■ DATA EXTRACT ■
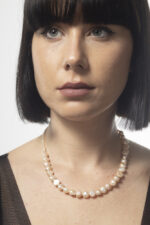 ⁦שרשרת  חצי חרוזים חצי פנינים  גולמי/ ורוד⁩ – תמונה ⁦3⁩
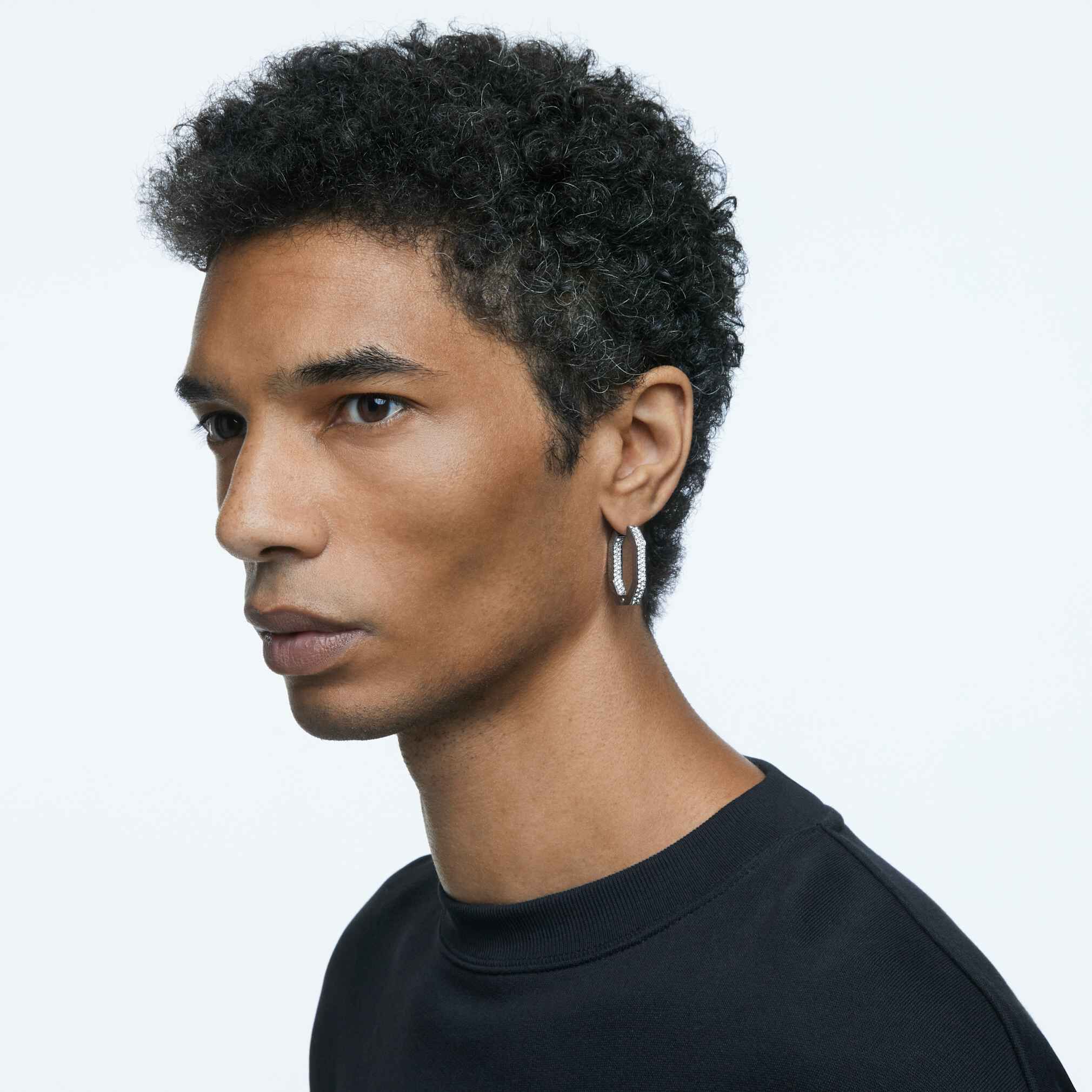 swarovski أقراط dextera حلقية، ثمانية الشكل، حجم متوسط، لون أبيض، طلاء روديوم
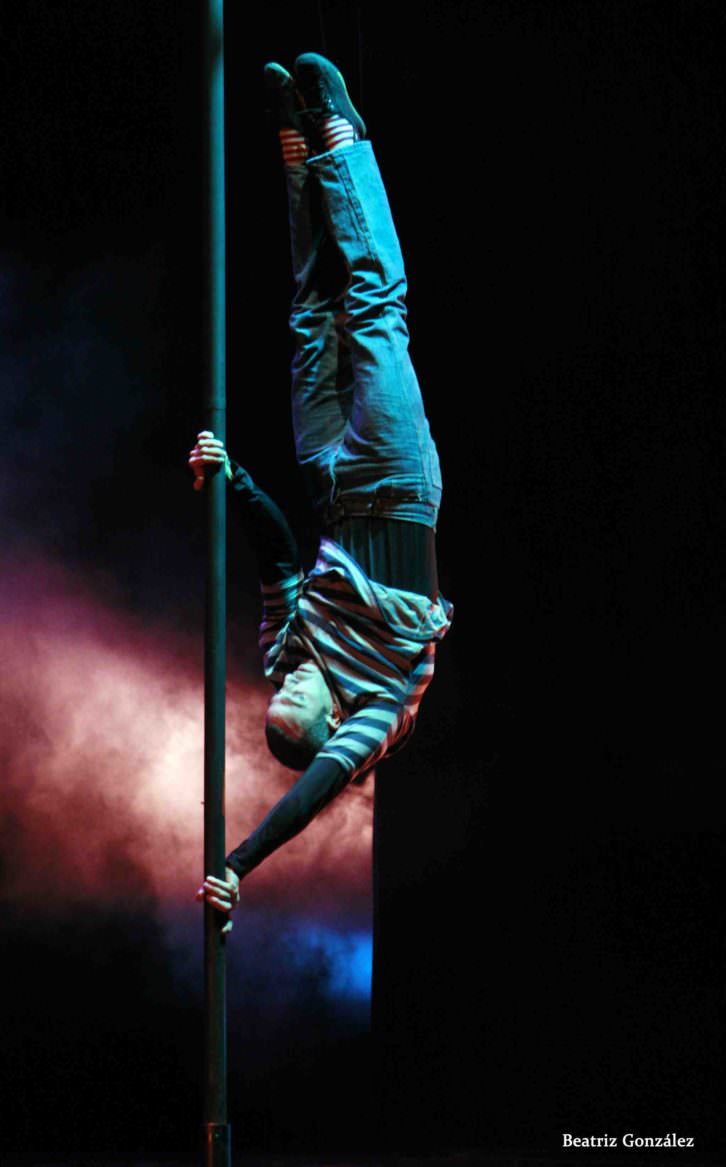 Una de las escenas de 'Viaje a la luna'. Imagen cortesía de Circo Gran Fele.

■ WHAT THE TASK ASKS ■
What you give back should be the full material above, retyped exactly, with every image removed.

■ SOLUTION TO THE EXERCISE ■
 ⁦שרשרת  חצי חרוזים חצי פנינים  גולמי/ ורוד⁩ – תמונה ⁦3⁩
 swarovski أقراط dextera حلقية، ثمانية الشكل، حجم متوسط، لون أبيض، طلاء روديوم
 Una de las escenas de 'Viaje a la luna'. Imagen cortesía de Circo Gran Fele.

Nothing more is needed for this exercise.